Olay tarihinde yürürlükte bulunan 1615 sayılı Gümrük Kanununun itiraz sebepleri başlıklı 78'inci maddesinde mükelleflerin gümrük vergisi tahakkuklarına karşı maddede yazılı sebeplerle itiraz edebilecekleri öngörülmüştür. Bu madde hükmüne göre Gümrük İdaresinin tahakkuk dışında kalan işlemlerine karşı itiraz yoluna gidilmesi olanaklı değildir.

Öte yandan; 6183 sayılı Amme Alacaklarının Tahsil Usulü Hakkında Kanunun 54'üncü maddesinde; ödeme müddeti içinde ödenmeyen amme alacağının, tahsil dairesince cebren tahsil edileceği; 55'inci maddesinde, amme alacağını vadesinde ödemeyenlere 7 gün içinde borçlarını ödemeleri veya mal bildiriminde bulunmaları lüzumunun ödeme emri ile tebliğ olunacağı; 56'ncı maddesinde ise, karşılığında teminat gösterilmiş bulunan amme alacağı vadesinde ödenmediği takdirde, borcun 7 gün içinde ödenmesinin, aksi halde teminatın paraya çevrileceğinin veya diğer şekillerle cebren tahsile devam olunacağının borçluya bildirileceği; 7 gün içinde borç ödenmediği takdirde, teminatın, anılan kanun hükümlerine göre paraya çevrilerek amme alacağının tahsil edileceği hükme bağlanmıştır.

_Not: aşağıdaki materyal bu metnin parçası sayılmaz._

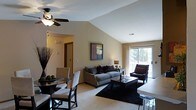 This single-floor residence showcases a thoughtfully designed open-concept layout that seamlessly connects the living and dining areas into one welcoming, cohesive space. The striking vaulted ceilings lend a sense of spaciousness and airiness, amplified further by a ceiling fan that adds both style and function overhead. The living area is anchored by a plush sofa and accent chair arrangement, centered around a dark wood coffee table and grounded by a bold area rug. A framed piece of wall art adds a touch of personality to the neutral-toned walls. Natural light pours in generously through a large sliding glass door, which offers views of the surrounding greenery and provides seamless access to an outdoor area. The dining space sits adjacent to the living room, featuring a round table with upholstered chairs and a decorative centerpiece, making it ideal for casual meals or intimate gatherings. Neutral carpeting throughout the shared space contributes to the warm, inviting ambiance. A hallway visible from the main area leads to additional rooms, hinting at a well-planned floor plan. Overall, the space balances comfort and modern aesthetics with clean lines and a harmonious color palette.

Bu açıklamalara göre; geçici kabul rejmine ilişkin koşulların ihlali halinde daha önce taminata bağlanan gümrük vergi ve resimleri için, 6183 sayılı Kanunun yukarıda açıklanan 56'ncı maddesi uyarınca işlem yapılması gerektiğinden; tahakkuk niteliğinde olmayan bu işleme karşı, doğrudan idari dava açma yerine, Gümrük Kanununda tahakkuk işlemleri için öngörülen idari itiraz yoluna başvurulmasının, idari dava açma süresi üzerinde herhangi bir etkisi yoktur.

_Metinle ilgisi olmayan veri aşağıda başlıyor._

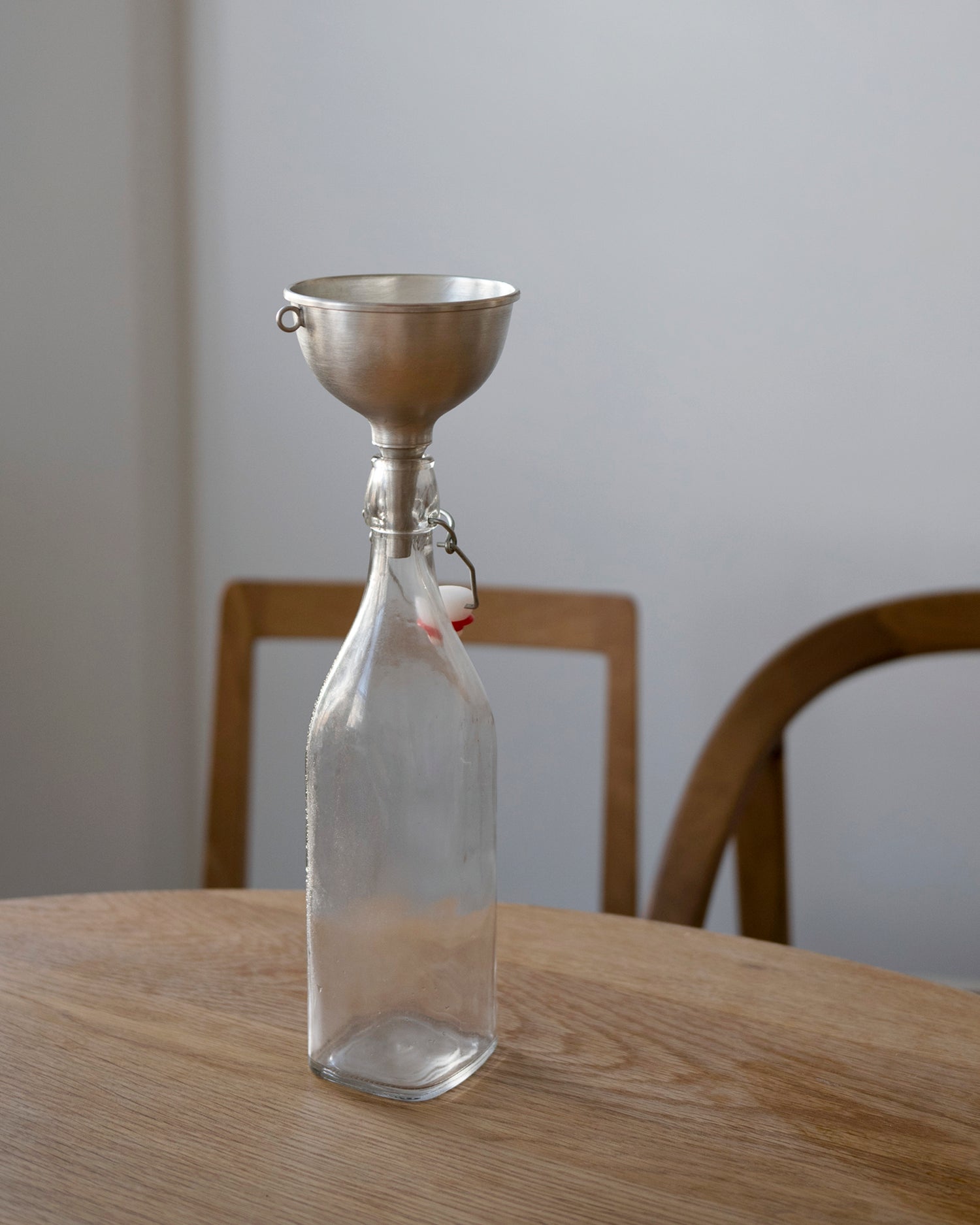 Clear glass bottle with metal funnel by Azmaya on a wooden table against a white wall.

Bu durumda; geçici ithal esnasında tahakkuk ettirilerek teminata bağlanan vergi ve resimlerin tahsili amacıyla, 6183 sayılı Kanununun 56'ncı maddesi uyarınca tesis edilip davacıya 26.11.1999 gününde bildirilen işleme karşı 31.1.2000 gününde açılan davanın süre aşımı yönünden reddi gerekeceğinden; Mahkemece, idari itiraz yolları tüketilmeden tahakkukun kesinleşmeyeceği gerekçesiyle verilen kararda isabet görülmemiştir.

Açıklanan nedenle, temyiz isteminin kabulüne; Mahkeme kararının bozulmasına, bozma kararı üzerine yeniden verilecek kararla birlikte yargılama giderleri de hüküm altına alınacağından, bu hususta ayrıca hüküm tesisine gerek bulunmadığına, 21.10.2002 gününde oybirliği ile karar verildi.